Comunitario

Velan en Palencia a víctimas de bombazo

El dolor, la ausencia de la figura paterna y la responsabilidad de llevar a cargo el hogar son algunas de las secuelas que marcan a dos familias que perdieron a un ser querido en el ataque con explosivo contra un bus de San José Pinula.

Por Geldi Muñoz Palala

Pablo Hernández Rodas fue velado este martes en Palencia. (Foto Prensa Libre: Paulo Raquec)
Pablo Hernández Rodas fue velado este martes en Palencia. (Foto Prensa Libre: Paulo Raquec)

Miguel Ángel López López, de 27 años, era padre de tres niños —Ángel Danilo, 1; Deivin Gabriel, 3; y Anthony Josué, 7—.

Hilda Véliz, esposa de López López, comentó que su cónyuge la llamó el sábado pasado para decirle que el domingo saldría temprano de San José Pinula rumbo a su casa, en Sansur, y que pasaría a Palencia a comprar un pastel para celebrar el primer año de su hijo menor.

Comentó que su esposo trabajaba hacía dos meses como cargador de café, porque no logró la cosecha de maíz y frijol por falta de lluvia.

Agregó que López López se quería regresar, porque debía cargar sacos de hasta 200 libras, lo que le afectaba una hernia, pero hacía el esfuerzo porque ganaba más.

“Dijo que quería luchar para conseguirle a sus hijos en dónde vivir. Al nene grande le dijo que si ganaba el año, le iba a dar una bicicleta”, recordó.

Véliz refirió que no será fácil para ella sobrellevar la carga económica de sus tres hijos, pero deberá luchar por ellos.

Juana López, madre de la víctima, expresó: “Es doloroso, porque no es nomás lo que nos ha sucedido. Era un buen hijo”.
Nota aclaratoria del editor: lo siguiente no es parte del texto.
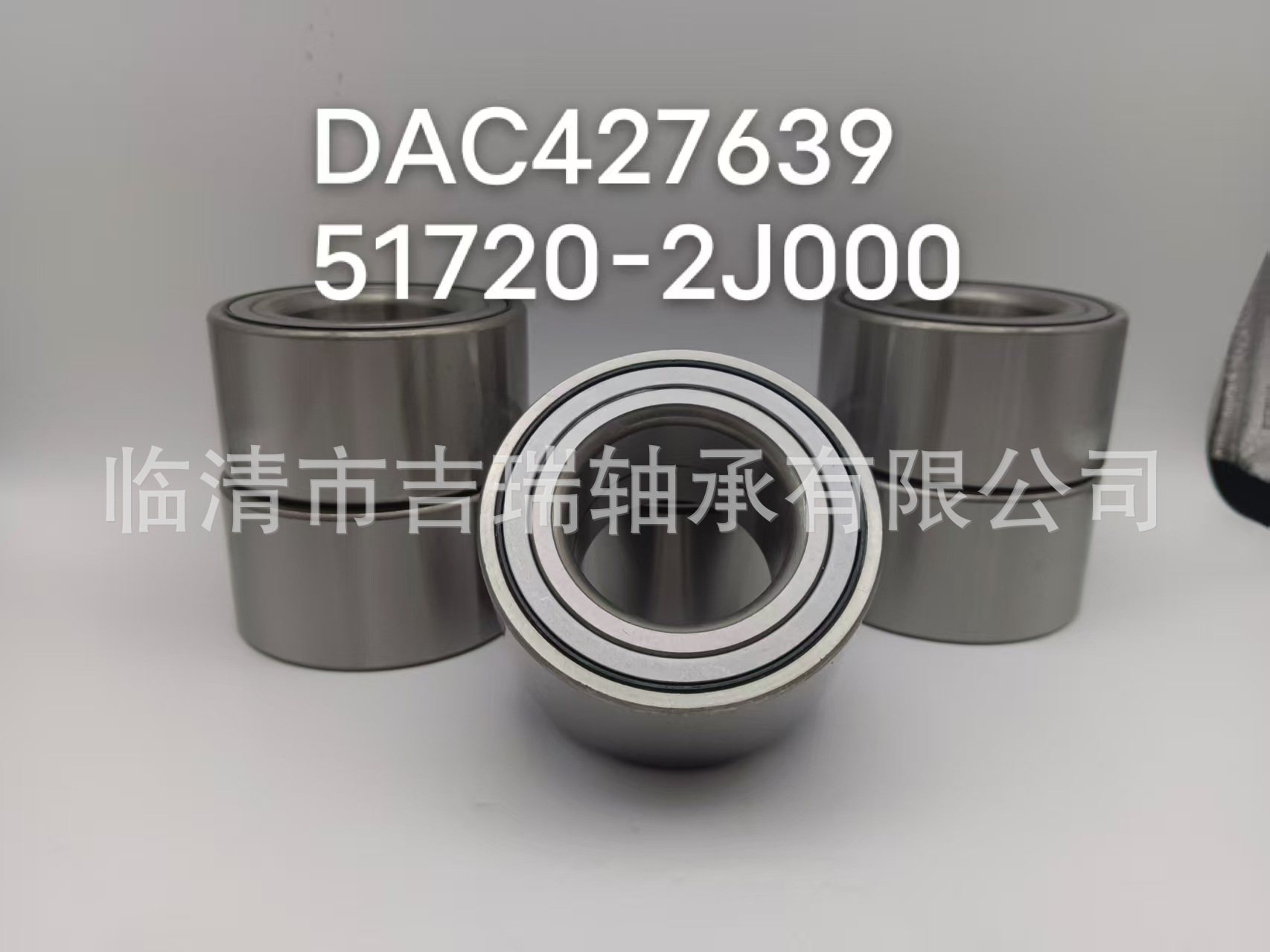 Suitable for Lada Fiat front wheel DAC30600037 6-256706 663095 car wheel bearing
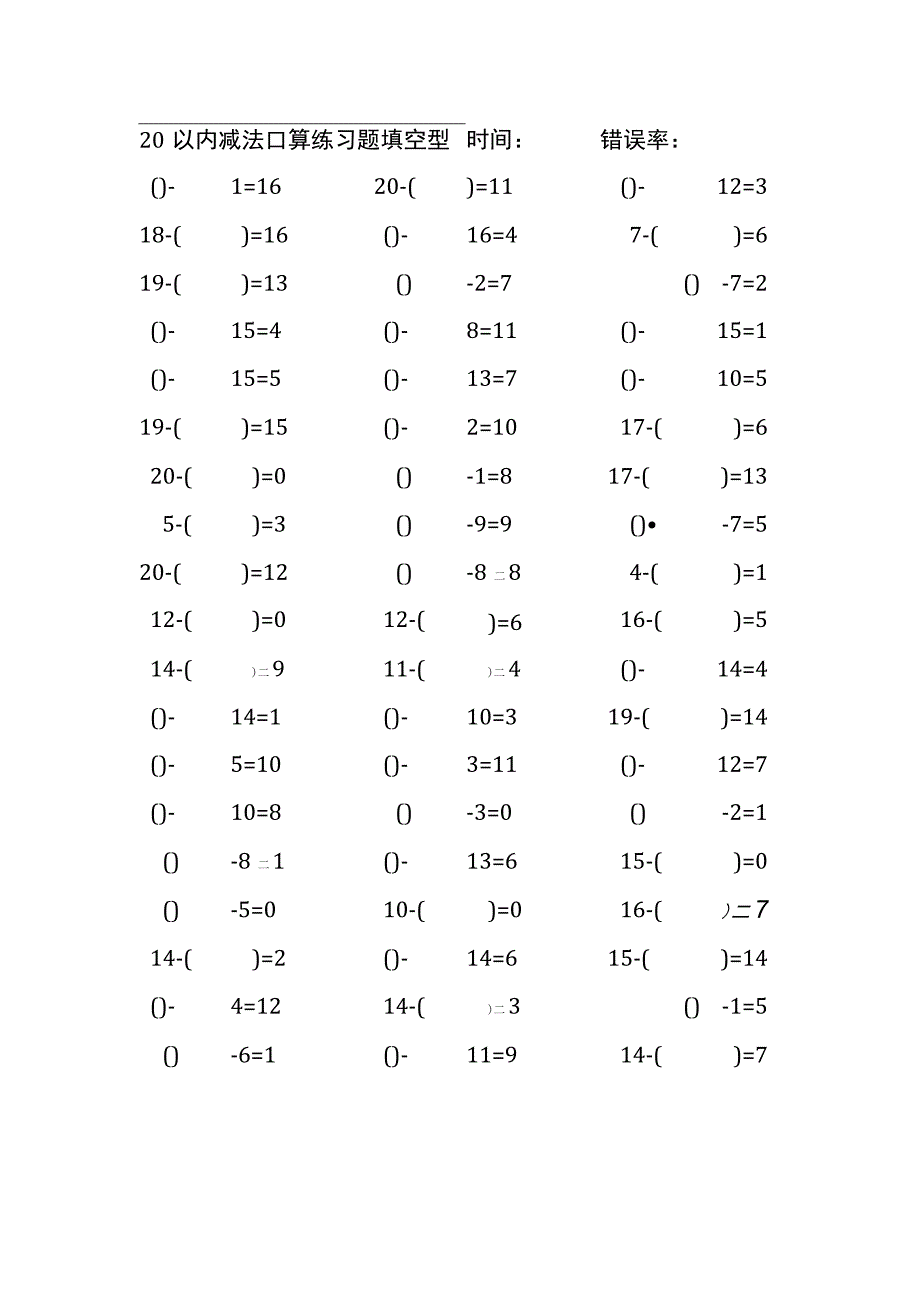 20以内减法口算练习题带括号填空(41).docx_第1页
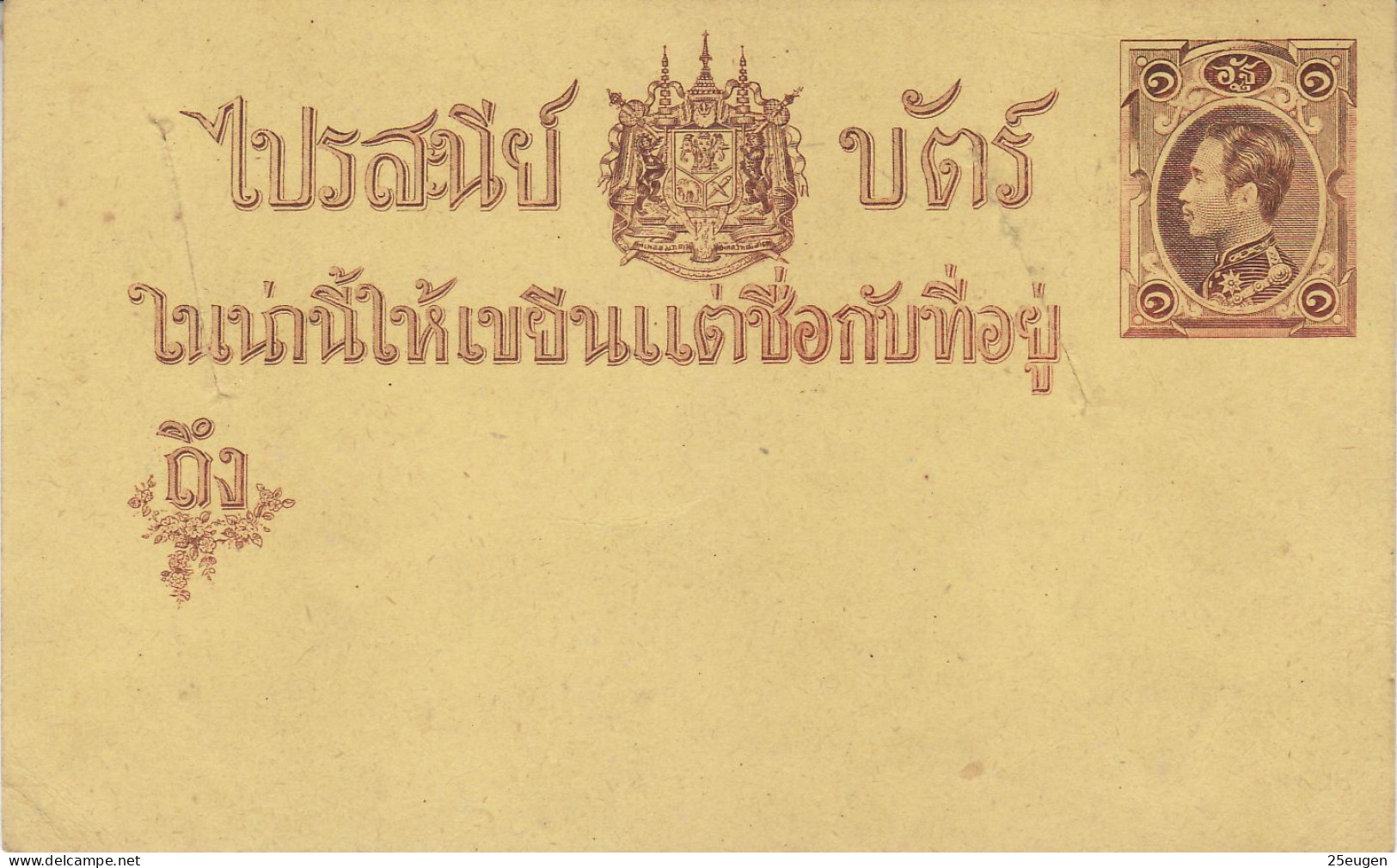 SIAM1883 POSTCARD (*) - Siam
Félix López, padre de López López, pidió “que hagan justicia, porque matan a hombres que vienen de ganarse la vida”.

Esta familia estuvo a punto de perder a dos miembros más, ya que en el bus estaban otros dos hermanos: Marco Tulio López, quien se quemó manos y rostro, y Álvaro, quien bajó a comprar un regalo y al regresar encontró el bus envuelto en humo.

Identifican a fallecido

Pablo de Jesús Hernández Rodas, de 68 años, fue la primera víctima del bombazo en el bus pero no se sabía su identidad.

Hernández Rodas fue reconocido ayer mediante identificación de huellas dactilares con la cédula de vecindad y el carné del seguro social que sus sobrinos presentaron en el Instituto Nacional de Ciencias Forenses de Guatemala.
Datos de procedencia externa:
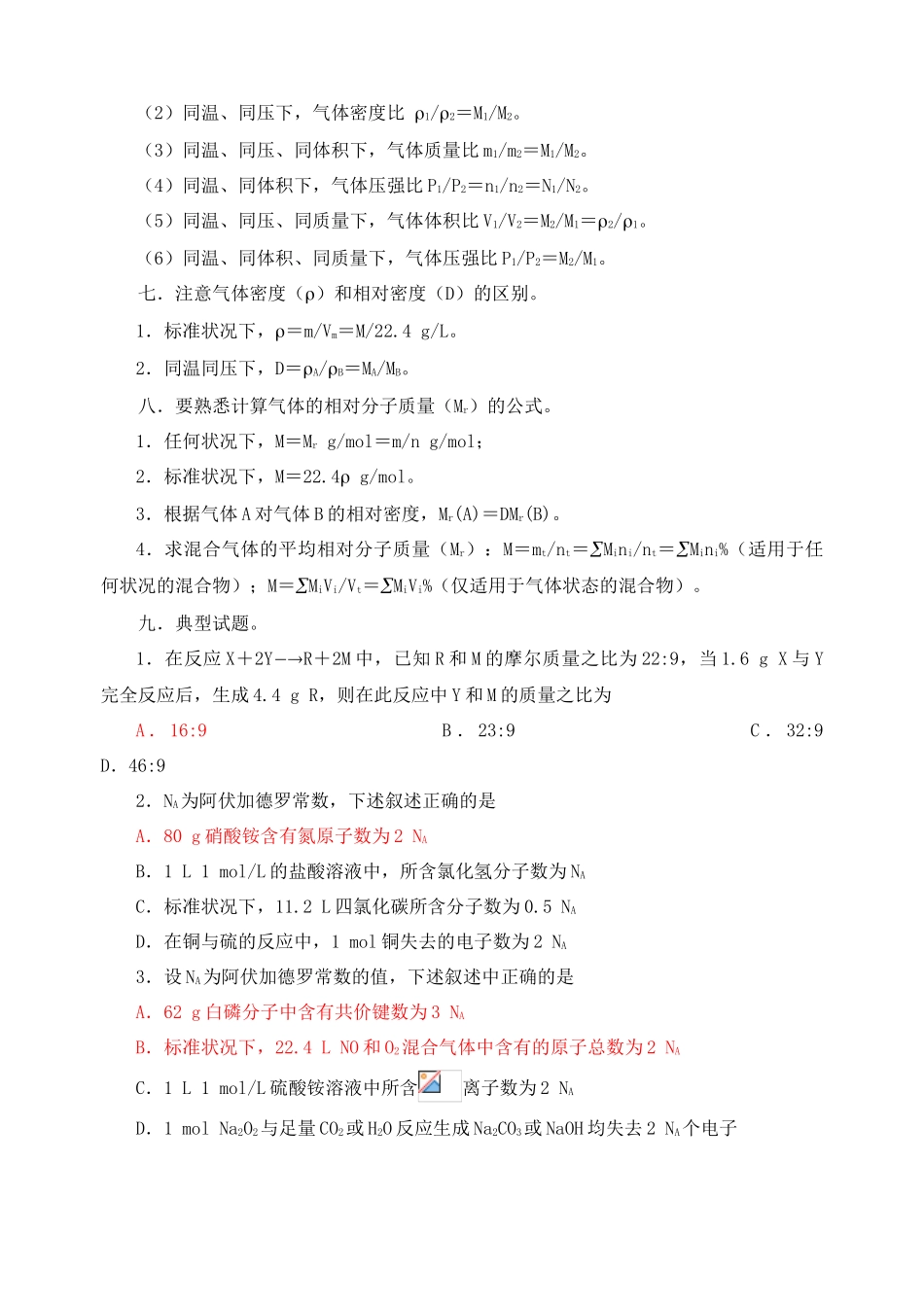 高考化学复习学案 阿伏加德罗常数与定律_第2页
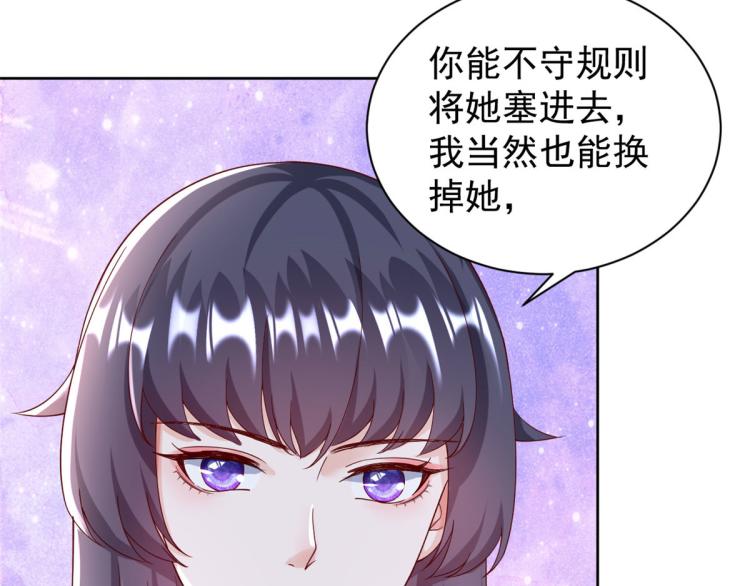 25全民偶像——顾小姐是哪家人17
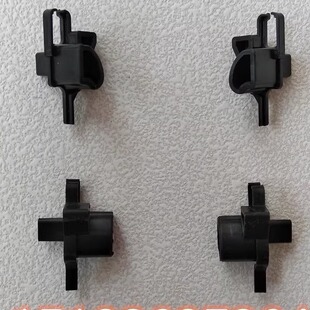 河北老款现代纱窗塑料配件|北京卡扣纱窗配件|天津现代纱窗塑配件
Juan José Hernández, sobrino de la víctima, narró que Hernández Rodas trabajaba como guardián en San José Pinula, y esperaban que regresara a Palencia el domingo, como a las 10 horas; pero nunca llegó.

“Como no venía, comenzamos a llamarlo, y no contestaba; no sabíamos lo que había ocurrido. Cuando nos enteramos, empezamos a buscarlo. Fuimos al trabajo, y nos dijeron que había salido a las 7 de la mañana”, comentó.

Acudieron a los hospitales de la capital y al Seguro Social, para ver si se encontraba entre las víctimas.

Hernández Rodas nunca tuvo hijos, pero para sus sobrinos fue como un padre.

Rosa Hernández, cuñada de la víctima, señaló que él no merecía morir así, porque era un hombre trabajador, sin vicios. Agregó que su pariente tramitaba su jubilación.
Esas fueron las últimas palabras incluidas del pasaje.